A recent survey from Saga Populus interviewed 12,058 people over the age of 50 between 17-24 September 2018, to examine opinions on lifestyle, expenditure and aspirations. The aim of the survey was to explore people’s perspective on issues that arise from living longer. The results were shown across 4 age bands to help identify any trends or differences of opinion.
Below is a highlight of some of the key findings from the survey and what we think it tells us about attitudes in the mature market.
Which three experiences give you the most enjoyment in life?
The top three experiences were spending time with family (71% of total respondents), going on holiday (59%) and spending time with friends (50%).
74% of female respondents chose spending time with family, compared to 68% of male respondents. Going on holiday was the second most enjoyable experience across the 4 age groups. However, it was notable that the older age group of 90+ years rated this as their third most enjoyable experience as opposed to the second most enjoyable experience in comparison to the other age groups.
Which of the following issues do you worry most about?
35% of respondents worried most about their health. Of this response there was little difference between genders with 36% of men and 34% of women saying their health worried them.
The cost of social care was a particular worry to those within the higher age groups. 13%, 14% and 20% respectively of 70-79, 80-89 and 90+ year olds cited this as a concern compared to 6% and 9% of 50-59 and 60-69 years olds.

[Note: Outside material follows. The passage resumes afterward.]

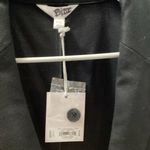 LC Lauren Conrad Elegant Black Women's Blazer Photo 1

Another interesting insight from the data is that the higher the social status of the respondent the more concerned they were to the question of the cost of social care. 11% of AB compared to only 7% of DE social class. 61% of all respondents were worried about the impact on society of an ageing population.
13% of all respondents said they didn’t have any worries. Of these 15% were men compared to 11% of women. Interestingly, 20% of the older age group of 90+ said that they had no worries compared to 11% in the younger age group of 50-59 years.
The results were also fairly consistent throughout the UK. On the question of having no worries the scores were slightly better in the East Midlands, North West and Northern Ireland.
What are the main societal issues arising from people living longer?
The need to redesign health and care services to suit an ageing population was noted by 87% of respondents as the main societal issue arising for longevity. This was closely followed by the need for people of all ages to plan and prepare financially for living longer which resulted in 75% of total respondents.
However, it is worth noting that 65% of all respondents felt that ageing was ‘great and something to be celebrated’, with a further 53% stating that they felt this offered ‘new exciting opportunities for people and the wider community’.